Título: Lula acelera gastos no fim do governo e despesas batem o recorde da década
Autor: Otta, Lu Aiko
Fonte: O Estado de São Paulo, 31/12/2010, Economia, p. B1

Empenhos federais somam R$ 10,093 bilhões em dezembro, acima de 2008 e 2009; no ano, volume já chega a R$ 50,307 bilhões

No apagar das luzes do governo de Luiz Inácio Lula da Silva, a máquina governamental acelerou os gastos. O volume de empenhos, que correspondem à primeira etapa de uma despesa federal e são uma espécie de reserva de dinheiro para pagar uma determinada mercadoria ou serviço, alcançou R$ 10,093 bilhões no mês de dezembro, até o dia 27, segundo levantamento da organização não governamental (ONG) Contas Abertas.

O valor, recorde para o ano, se refere apenas aos recursos relacionados a investimentos. O total em 2010, nesse dado parcial, já é o maior da década em termos nominais: R$ 50,307 bilhões. Essas cifras tendem a aumentar até a meia-noite de hoje.

Os empenhos de dezembro de 2010 superam os R$ 6,369 bilhões do mesmo mês em 2009 ou os R$ 4,801 bilhões do fim de 2008. Na última década, só o ano de 2007 registrou um volume maior de gastos de última hora: R$ 15,987 bilhões.

O "festival de empenhos" no fechamento de cada ano já faz parte do calendário de Brasília. A correria acontece porque a verba que não passa por esse processo em um ano não pode ser aproveitada no ano seguinte. Uma vez empenhado, porém, o recurso se transforma em "restos a pagar" na virada do ano. Assim, ele pode ser utilizado em 2011 ou até depois.

"Esse açodamento é ruim porque a tendência desses gastos de última hora é ser de má qualidade", afirma o coordenador da ONG Contas Abertas, Gil Castello Branco. "Compra-se o que está na prateleira", completa.

Orçamento. Um dos motivos da concentração de empenhos no fim do ano é a forma como o Orçamento Geral da União é administrado. Como ele normalmente sai do Congresso Nacional prevendo gastos num valor acima do que o governo acredita que terá de receitas, é feito um bloqueio de despesas (contingenciamento) para garantir o equilíbrio das contas.

O dinheiro é liberado aos poucos ao longo do ano e, nos últimos meses, uma vez confirmado que a arrecadação ficou acima do que era previsto pelo governo, ocorre um descontingenciamento maior. Os ministérios, então, precisam correr para iniciar o processo de gasto desses recursos, que começa justamente com o empenho.
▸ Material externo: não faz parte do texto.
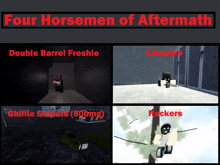 a poster for four horsemen of aftermath shows a double barrel freshie a ghillie snipers and hackers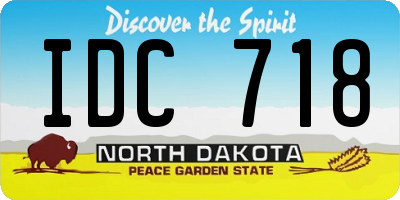 ND license plate IDC718
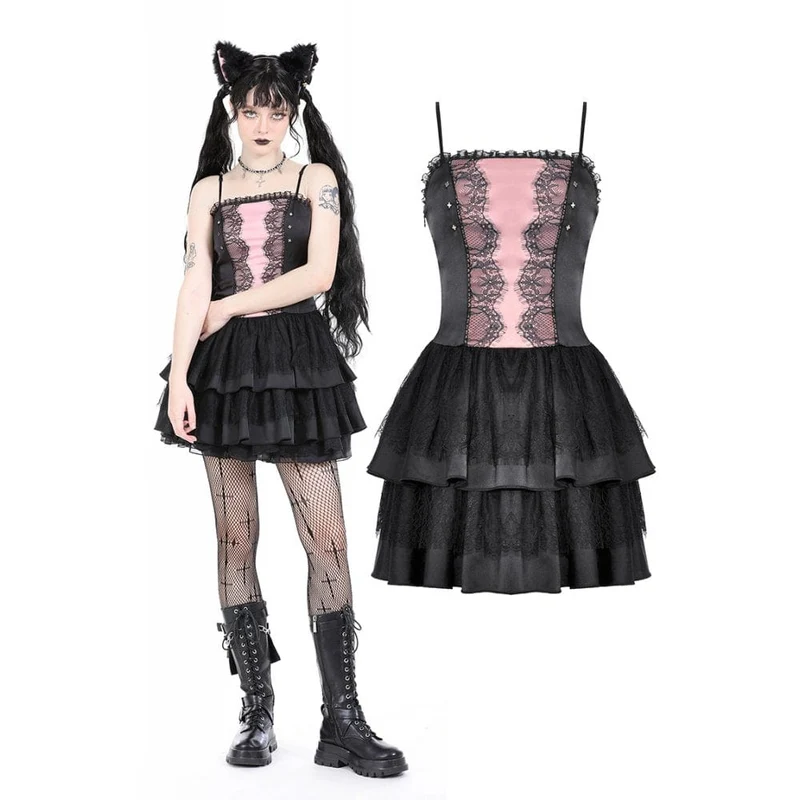 Gothic-Kleid für Damen, zweifarbig, mehrlagig, Abschlusskleid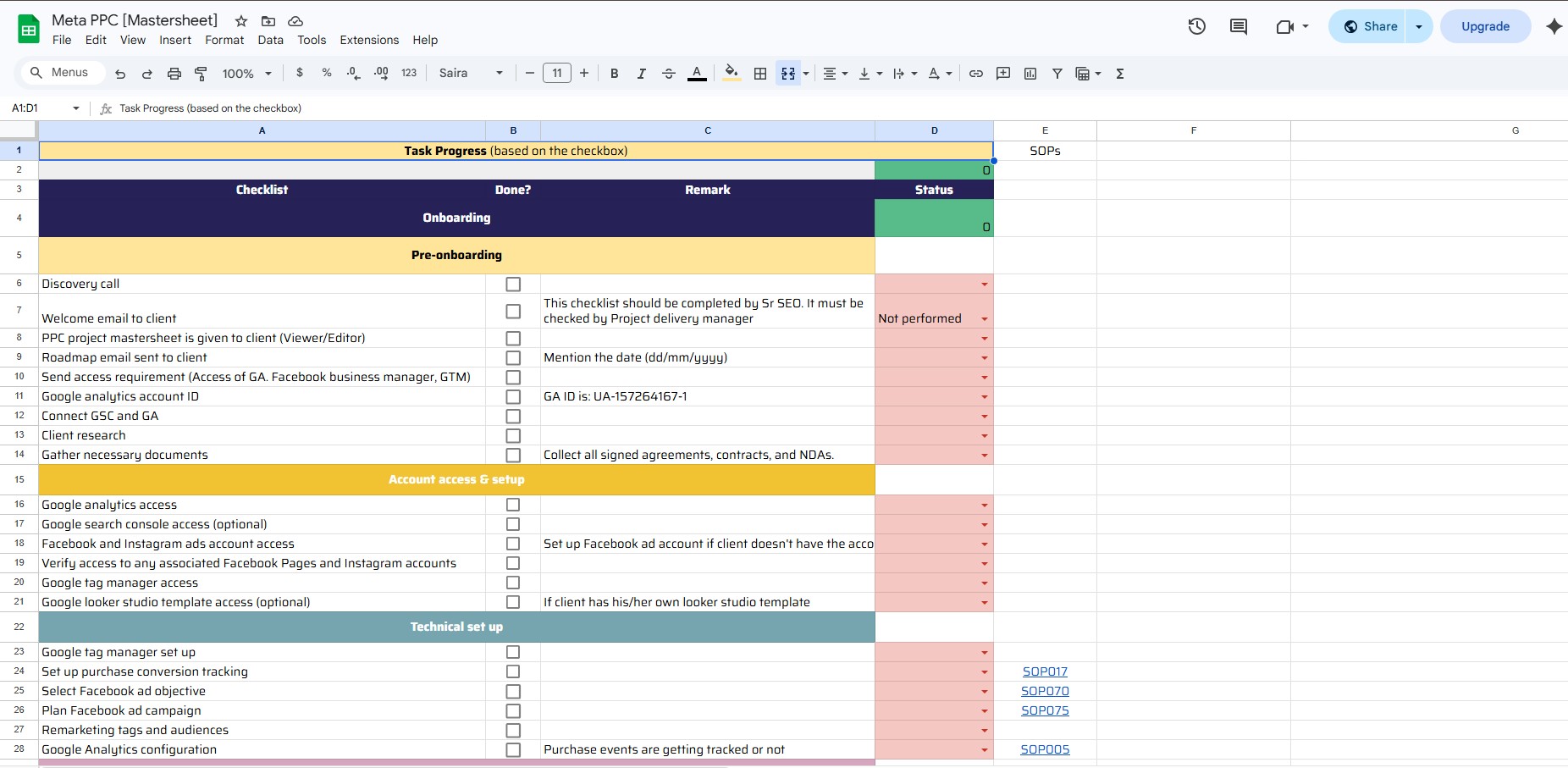 Meta Ads Mastersheet
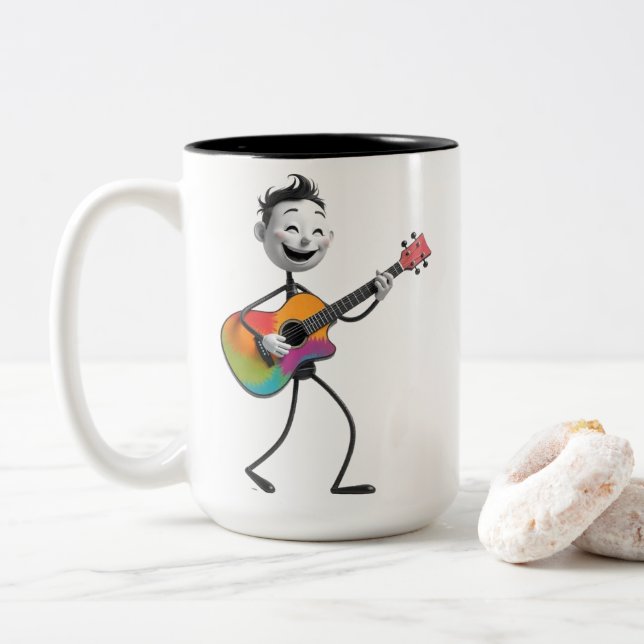 Caneca De Café Em Dois Tons Cartoon Guitarist Mug (Com Donut)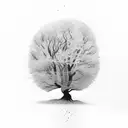 tree dissolving into ash  tattoo design idea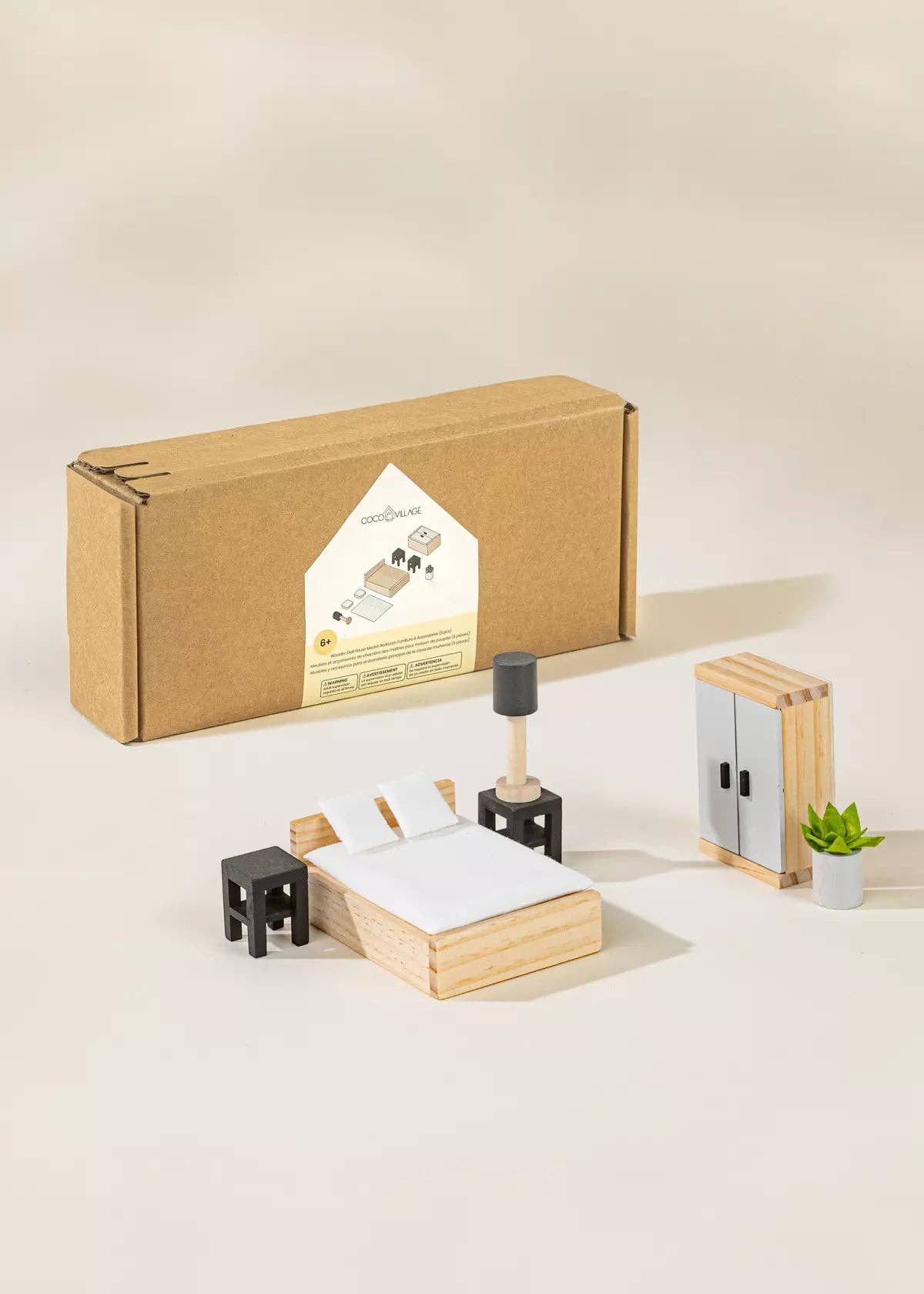 Wooden Doll House Master Bedroom Furniture (9 pcs)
Em novembro passado, por exemplo, foram liberados R$ 8,6 bilhões para empenhar. Segundo o levantamento da ONG Contas Abertas, a pasta que mais empenhou em dezembro foi o Ministério da Defesa, com um valor de R$ 2,2 bilhões.

O Estado pediu ao ministério exemplos de gastos executados no mês, mas não obteve resposta até o fechamento desta edição. "Certamente são gastos relacionados à contratação de projetos e obras ou à compra de equipamentos", acredita Castello Branco. "Não é para custeio", diz.

A pasta que aparece em segundo lugar entre as que mais empenharam em dezembro foi o Ministério dos Transportes, também segundo o levantamento. O valor empenhado chega a R$ 1,6 bilhão.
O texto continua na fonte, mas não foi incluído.